Apr 5, 2017 | 9:00 AM

LITTLE ROCK, Ark. — The Arkansas Parole Board on Wednesday recommended that Gov. Asa Hutchinson alter the state’s unprecedented execution schedule and grant mercy to a death row inmate who directed the torture and murder of a teenager more than two decades ago.

Jason McGehee, 40, is one of eight inmates scheduled to die in four double executions this month. Hutchinson, who is not bound by the board’s finding that McGehee should have his sentence cut to life without parole, can intervene at any time before the execution begins on April 27. The Republican governor not said when he will make a decision.

Until Wednesday, the state Parole Board had rejected every death row clemency request presented to it since 1990.

With a key lethal injection drug expiring at the end of the month, the Arkansas Department of Correction hopes to execute eight men in a 10-day period beginning April 17. Only Texas has executed that many inmates in a month, doing it twice in 1997. Seven executions in a month would still be a record for Arkansas.
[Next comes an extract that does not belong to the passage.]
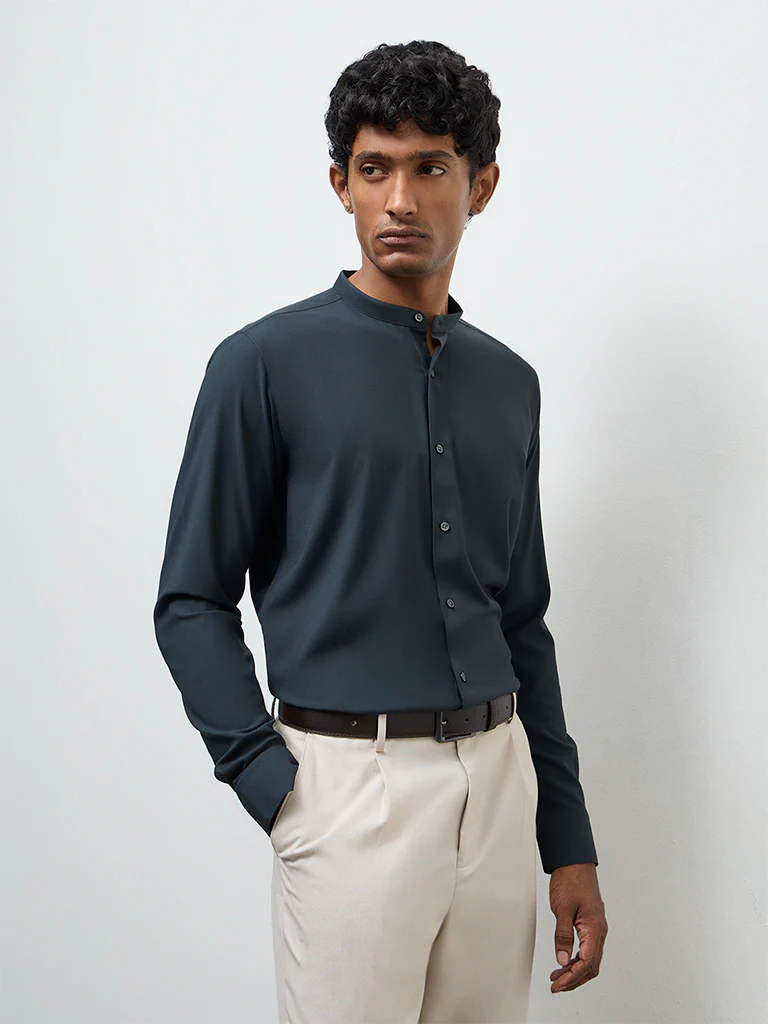 WES Formals Teal Ultra Slim-Fit Shirt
Prosecutors say McGehee, who had just turned 20, directed the fatal assault of Johnny Melbourne Jr., a 15-year-old who had told police about a northern Arkansas theft ring.

In voting 6-1 in favour of McGehee’s clemency request, the Parole Board considered letters and testimony from the judge from McGehee’s trial, a former Correction Department chief, members of McGehee’s family and the victim’s father.

“The death of John Melbourne, Jr. was the tragic result of a group-dynamic gone wrong,” retired Circuit Judge Robert McCorkindale wrote, according to documents released by the state Parole Board. McGehee was one of several people who participated in the attack, but was the only defendant sentenced to death, and the retired judge called it “an excessive punishment.”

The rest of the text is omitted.